Bill Nanson seems an unlikely choice as the author of the Burgundy region, as there are many noted members of the wine trade, including a good number with the exalted M.W. initials after their name who might be more obvious, but as quite of few of them already have publications on the subject, a fresh face could be very desirable. Bill Nanson “is a chemist by profession with no connection to the wine trade”, but he has visited Burgundy regularly for 15 years, often working vintage. He publishes the ‘Burgundy Report’ as an independent commentator. And from reading this work, he is clearly a buyer and an avid consumer. As such, Nanson actually has a closer connection to the majority of readers.
The author’s consumer approach is evident from his introductory chapters. He has an excellent overall understanding of each of the important aspects, and presents them simply and clearly in a manner that is easily accessible for the layman, and doesn’t get bogged down in detail or drawn away on tangents that may be particular issues or fascinations that a trade or technical writer can be inclined to do. The subjects of geography and geology, history, culture and the market are discussed, with good insights. Nanson also works through the concept of classifications and hierarchies which is a foundation of burgundy structure. The grape varieties, viticulture and winemaking lead to a discussion on how and when to enjoy the wines of the region, and describes what to expect. The introductory chapters are ‘Burgundy 101’ for sure, but essential for a novice and a good recap for anyone familiar with the region.
The heart of the book as in all of the other books in the series is the collection of producer profiles. This is conveniently divided into the Cote de Nuits and the Cote de Beaune. Again, as in the introductory chapters, Nanson’s lead-in with the descriptions of each of the appellations and villages is excellent. He captures the physical, cultural and wine traits exceptionally well, and I’d imagine most readers will connect with his words. On the way, he dispels a few myths and misconceptions, and when one learns a little this way, the book grows in its value.
As mentioned above, the choice of producer profiles is rather subjective if not controversial, and I’m rather disappointed that some of my favourites are not included. I note a couple of the significant domaines who are also negociants are missing, yet others are there. The actual pen portraits are rather brief and really lack sufficient data and hard facts to make this a proper reference book, but Nanson captures the feel and personality of the producers and conveys this with ease to the reader. And again, as with most of the other books in the series, the actual wines selected to be representative of the producers’ best are not actually that, but more representative of what the author sees as personally attractive, interesting and unique. This does has its benefits as it brings attention to wines that would never normally be mentioned in a book keeping strictly to the title of ‘Finest Wines’.
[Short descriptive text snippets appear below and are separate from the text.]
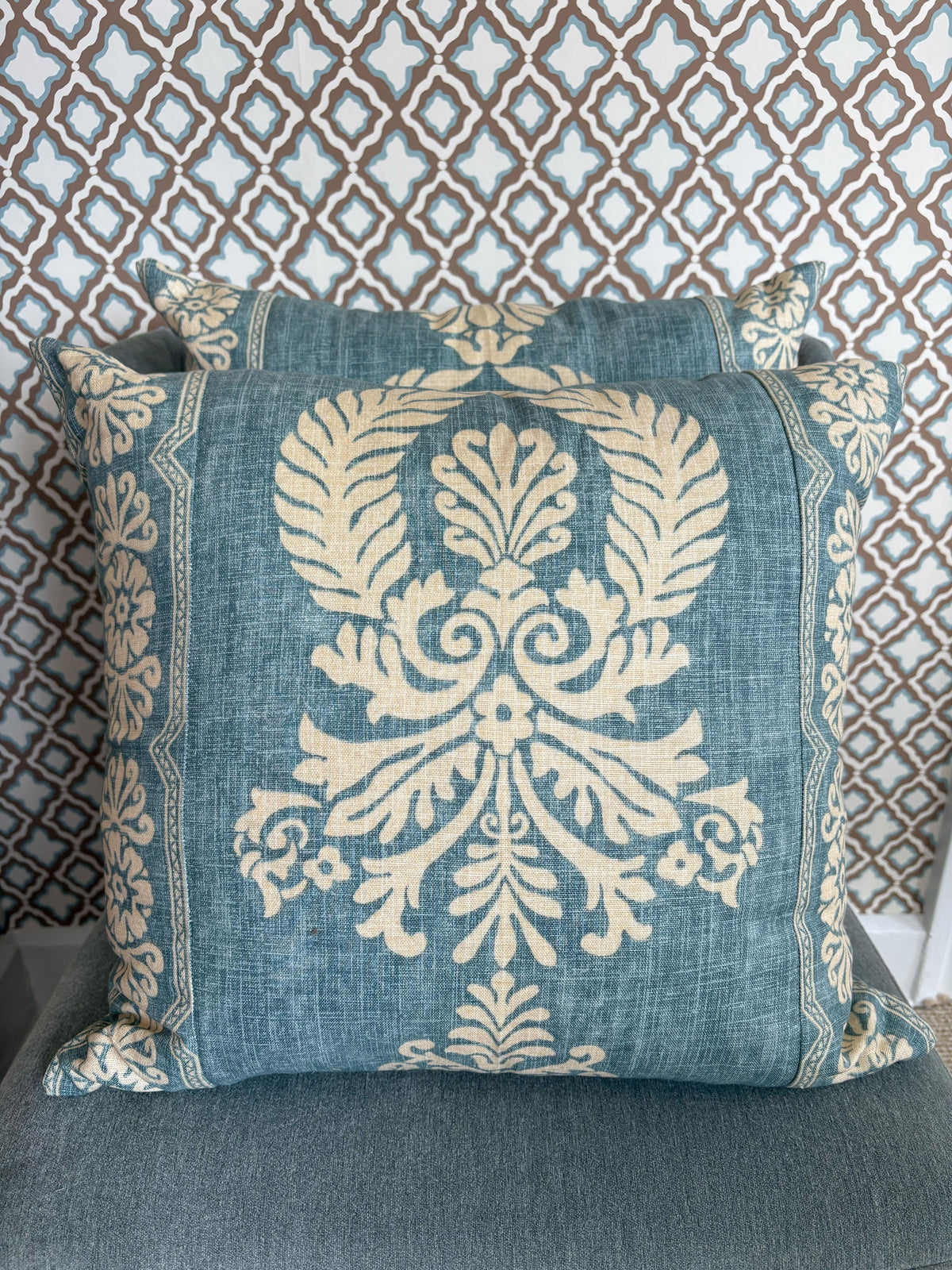 Item #896 JED Custom Pillow 22"x22"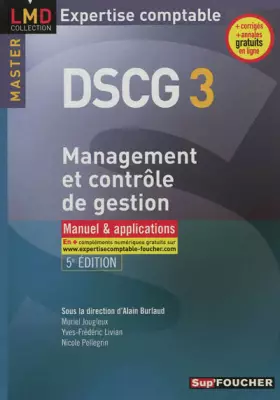 Couverture du produit · DSCG 3 Management et contrôle de gestion Manuel et applications 5e édition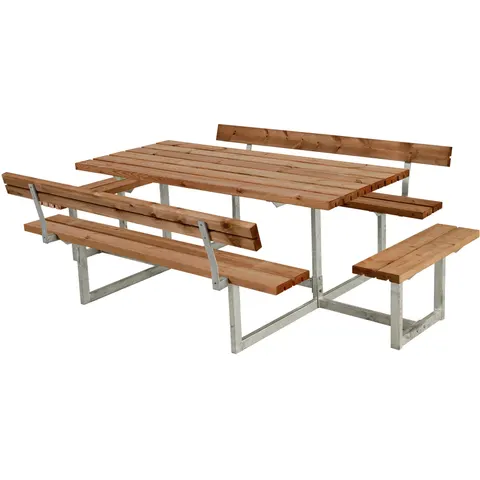 Plus Kombimöbel Basic Anbau und 2 Rückenlehnen RAL 1006 Teak – Bild 2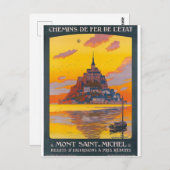 Mont-Saint-Michel Briefkaart (Voorkant / Achterkant)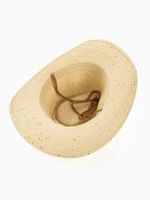 Women's Casual Solid Color Sequins Crimping Big Eaves Straw Hat main image 6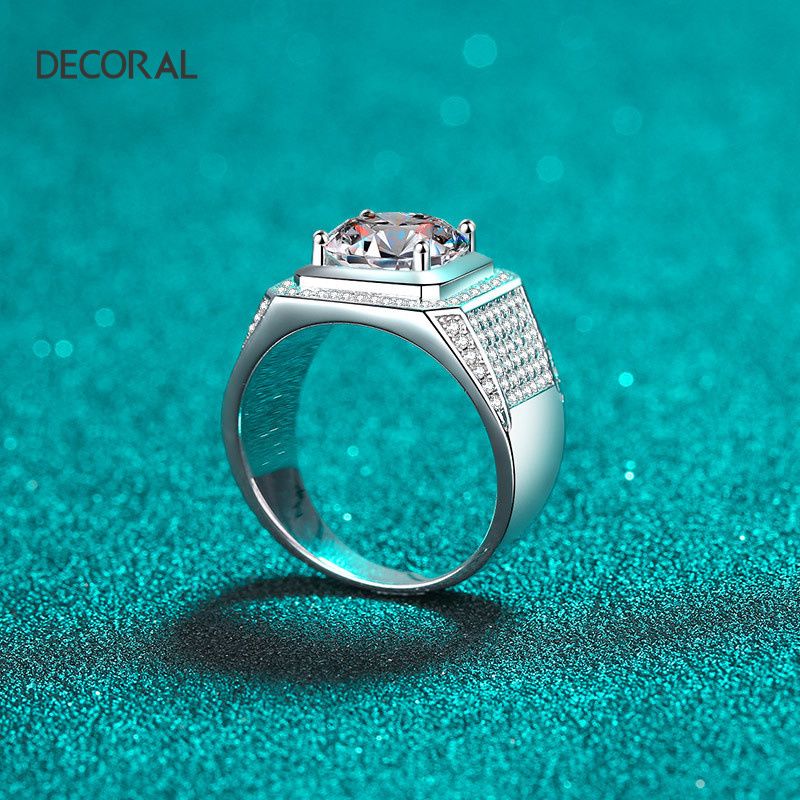 Fabrik Engros 5 karat hiphop Iced out Sterling Sier Moissanite smykker forlovelsesring til mænd_voghion.com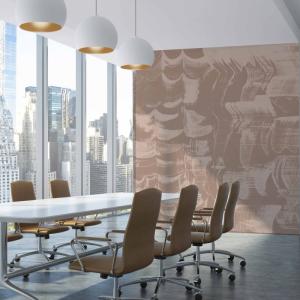 Papel pintado panorámico gráfico, Marrón 150 x 250cm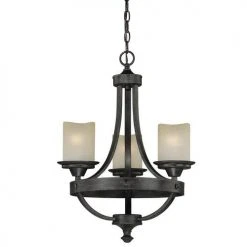 Best Pirce 🎁 Patriot Lighting® Lancaster 3-Light Black Walnut Chandelier 🎉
In other my reviews of the other books in this series, I’ve not made mention of the photography of Jon Wyand. He captures his subjects, the producers, extremely well, and one easily gains an impression of their personalities and their surroundings. Maybe we have been ingrained with the notion that Burgundy is about people and the land, as opposed to Bordeaux which is more about business, but the photography had an empathetic impact on me, and added significantly to gaining a sense of the characters of the producers, and thus the enjoyment of the book. Wygand’s photography achieves this in all of these books I’ve come across to date.
In summary, this is another useful addition to your library of books on Burgundy, very much in the style of the rest of the series instigated by the ‘World of Fine Wine’. They’re not reference books by any means, but they introduce the region and many of the people very well, and as the collection of titles in the series builds, they are becoming valuable, up-to-date elements of a good and readable resource.